Set in an alternate 1985, Richard Nixon is enjoying his third term as President of the USA, the Cold War with the USSR is the major preoccupation of Americans and the glory days of costumed vigilantes have been brought to a close by a government crackdown leaving super heroes like the Watchmen on the fringe or in retirement.
It is the demise of a 1940s-era super hero, the Comedian, which leads the ink-blot, mask-wearing Watchmen named Rorschach to investigate who might be murdering former costumed crime fighters. The inquiry brings several of the old Watchmen back together as they are slowly convinced by Rorschach that this is a matter worth pursuing.
However, it is the existence of former Watchmen member Dr Manhattan, a human atomic bomb, which creates the film's greatest intrigue and links the seemingly unbelievable world of super heroes with the all too believable world of Cold War-era international tension.
Dr Manhattan is the USA's one certain defence against any USSR nuclear aggression. The result of a nuclear experiment gone wrong (which bears more than a resemblance to the Incredible Hulk's origin story) Dr Manhattan is a scientist who has now obtained the power to control all matter, thereby averting any incoming attack, the ability to see the past and the future and the ability to change his form and teleport.
Although Dr Manhattan is one of the 'good guys', his accident has done more than merely transform him physically. His quasi-omniscience and the ability to experience the passage of time objectively rather than relatively (as all living beings do) give him a God-like perspective on humanity and their history. However, Dr Manhattan unwittingly becomes the patsy in a plot by an evil genius. The villain uses Dr Manhattan's powers in a way that cause him to become a destructive rather than a protective force. The USA and USSR now see that their greatest enemy is not in fact each other, but Dr Manhattan, thereby uniting them and creating 'world peace'.

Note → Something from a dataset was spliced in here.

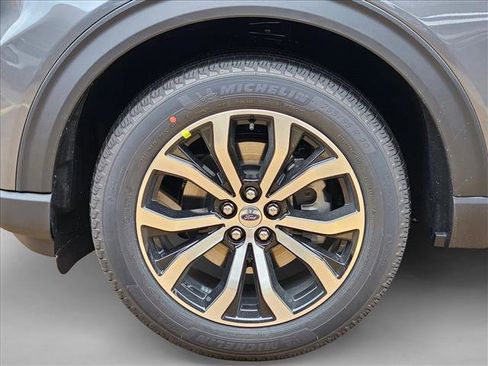 New 2026 Ford Explorer ST-Line w/ Premium Package image 10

When the Watchmen realise that such a horrendous act has been committed to manufacture world peace, only one member of the group is willing to cry 'foul' and he is quickly neutralised. That the other Watchmen are complicit in a lie that aims at peace is sad. It is certainly an indictment on so much of the human race that we often need a common enemy to unite us. In wartime Germany it was the Jews. In Sydney several years ago it was people of Middle Eastern descent. In Ancient Rome it was, for a long time, the Christians.
Thankfully, humanity has a God who uses the truth to bring about peace. And it is God himself who came in flesh to bear the punishment that would cement this peace. As Jesus says in John 8:31-32:
“If you hold to my teaching, you are really my disciples. Then you will know the truth, and the truth will set you free".
We do not need a lie to fool us into being better people. We need the truth to become the people God crated us to be.
Watchmen is an incredible parable about the nature of humanity giving insights into what drives people at both the most public and most intimate levels. It is at times unflinchingly violent (the film is, after all, directed by Zack Snyder known for The Dawn of the Dead and 300). It is occasionally sexually explicit, including an attempted rape, and Dr Manhattan spends about half his screen time without any clothes on which means you spend a fair amount of time staring at a naked blue guy.
However, if your conscience enables you to stomach a handful of these moments on the big screen you will experience a film that will leave you talking for a long time.